Si le sociologue Edgar Morin, en France, et Jurgen Habermas, en Allemagne, estiment que nos dirigeants, au lieu de se précipiter dans la fourniture d’armes lourdes qui nous transforment en co-belligérants, devraient faire beaucoup plus pour penser la fin du conflit (Source : Ouest-France), pour l’instant, hélas, peu d’intellectuels européens s’offusquent du rouleau compresseur médiatique qui cherche à laminer le moindre doute du bien fondé des agissements de l’OTAN et de ses membres.

Lors de la cérémonie d’ouverture du 75e Festival annuel du film de Cannes, le président ukrainien Volodymyr Zelensky est apparu dans un message vidéo propagandiste, prononçant un discours sur l’importance de la création cinématographique en pleine guerre. Une prestation que Jean-Luc Godard, le légendaire réalisateur franco-suisse et l’un des cinéastes européens les plus influents du 20e siècle, a vertement dénoncé.

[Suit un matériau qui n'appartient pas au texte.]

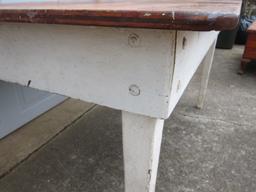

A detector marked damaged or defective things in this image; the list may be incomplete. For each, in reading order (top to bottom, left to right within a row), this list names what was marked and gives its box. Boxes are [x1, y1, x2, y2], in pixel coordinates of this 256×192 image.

Godard est « l’un des derniers à oser dire ce qu’il pense vraiment contrairement à ses confrères, remarque le site Apar.tv. Sa dernière prise de parole concerne Zelensky au Festival de Cannes. Il va avoir du mal à financer son prochain film, c’est certain, mais il est libre et la liberté de parole c’est mieux que de finir à genoux devant la main de celui qui paye ».

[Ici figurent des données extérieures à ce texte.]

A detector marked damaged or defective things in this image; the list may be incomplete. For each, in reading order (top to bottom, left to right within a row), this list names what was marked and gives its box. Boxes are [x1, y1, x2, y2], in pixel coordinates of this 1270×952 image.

Pour le cinéaste, « l’intervention de Zelensky au festival cannois va de soi si vous regardez ça sous l’angle de ce qu’on appelle ‘la mise en scène’ : un mauvais acteur, un comédien professionnel, sous l’œil d’autres professionnels de leurs propres professions. Je crois que j’avais dû dire quelque chose dans ce sens il y a longtemps. Il aura donc fallu la mise en scène d’une énième guerre mondiale et la menace d’une autre catastrophe pour qu’on sache que Cannes est un outil de propagande comme un autre. Ils propagent l’esthétique occidentale, quoi ».

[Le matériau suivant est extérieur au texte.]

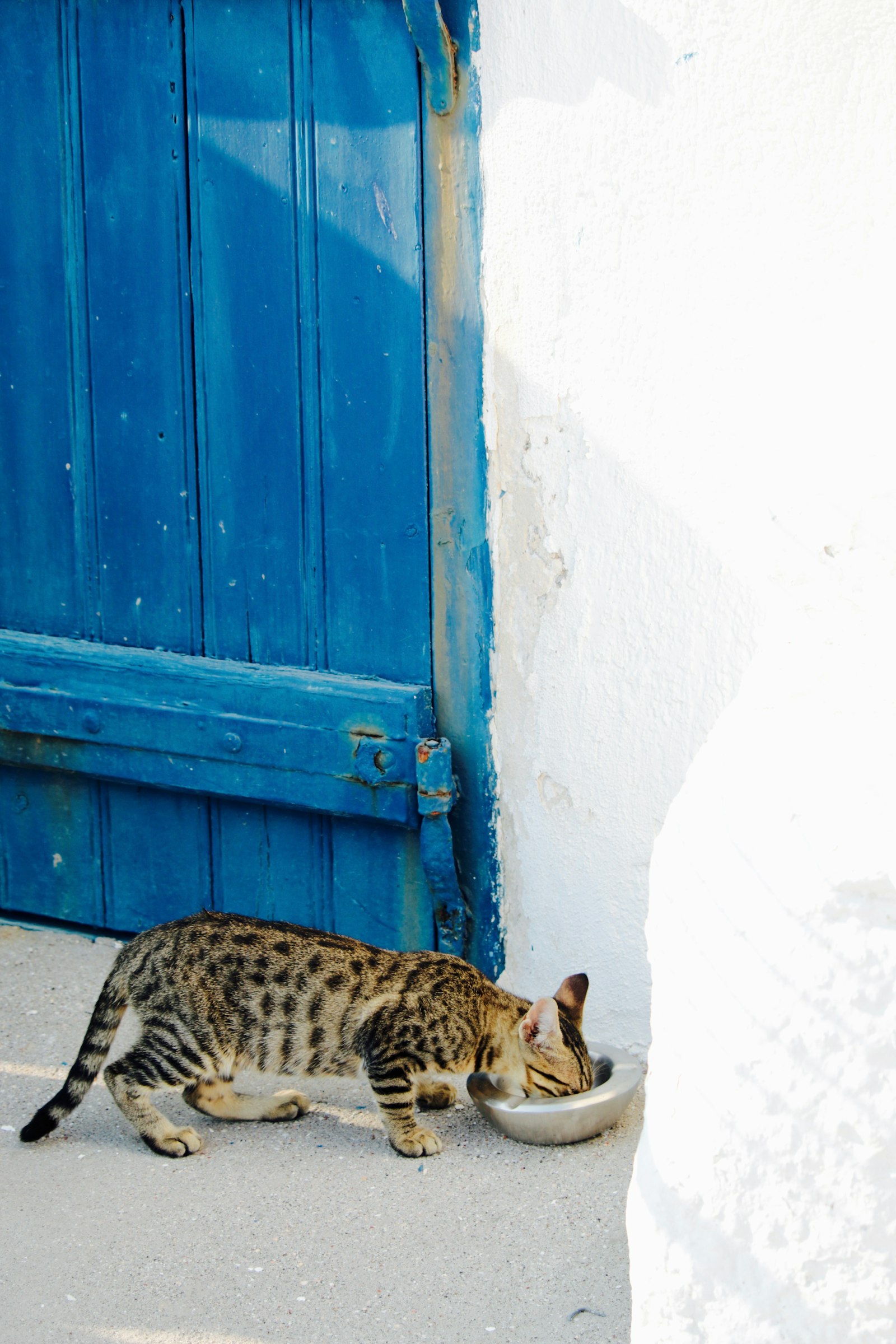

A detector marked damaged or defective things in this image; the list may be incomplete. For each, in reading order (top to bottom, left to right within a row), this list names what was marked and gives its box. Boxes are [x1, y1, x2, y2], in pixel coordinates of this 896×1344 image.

rusty metal hinge [403, 0, 459, 115]
rusty metal hinge [416, 736, 470, 956]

« S’en rendre compte n’est pas grand-chose mais c’est déjà ça, poursuit-il. La vérité des images avance lentement. Maintenant, imaginez que la guerre elle-même soit cette esthétique déployée lors d’un festival mondial, dont les parties prenantes sont les États en conflit, ou plutôt « en intérêts », diffusant des représentations dont on est tous spectateurs… vous comme moi ».

Il est évident, du moins pour toute personne ayant gardé sa raison au milieu de la confusion générale, que les réactions et les sanctions qui ont été appliquées sont totalement démesurées, tant dans leurs aspects économiques que dans leurs aspects culturels.

Lors de la visio-conférence de l’Institut Schiller du 26 mai 2022, Eric Dénecé, directeur du Centre français de recherches sur le renseignement (CF2R), l’a souligné sans détour :

nous avons atteint là le sommet de la bêtise en interdisant à des sportifs, à des musiciens, à des chanteurs d’opéra de pouvoir exercer leur métier, qu’ils soient pour ou anti-Poutine, nous sommes entrés là dans un totalitarisme de la pensée, tout à fait excessif. Il en va de même en matière de médias. Pour la première fois, la guerre de l’information que nous avons livrée à la Russie finalement se caractérise par une atteinte aux libertés de la presse, et en conséquence le fait de ne pas avoir d’information sur ce qui se passe de l’autre côté ne nous permet pas d’avoir une vision objective de la situation.

Purification ethnico-culturelle

Preuve en est le fait que le gouvernement de Kiev vient de prendre une mesure équivalente à un véritable acte de nettoyage ethnico-culturel (et pour l’Ukraine, de suicide national), dans l’indifférence générale de l’Occident.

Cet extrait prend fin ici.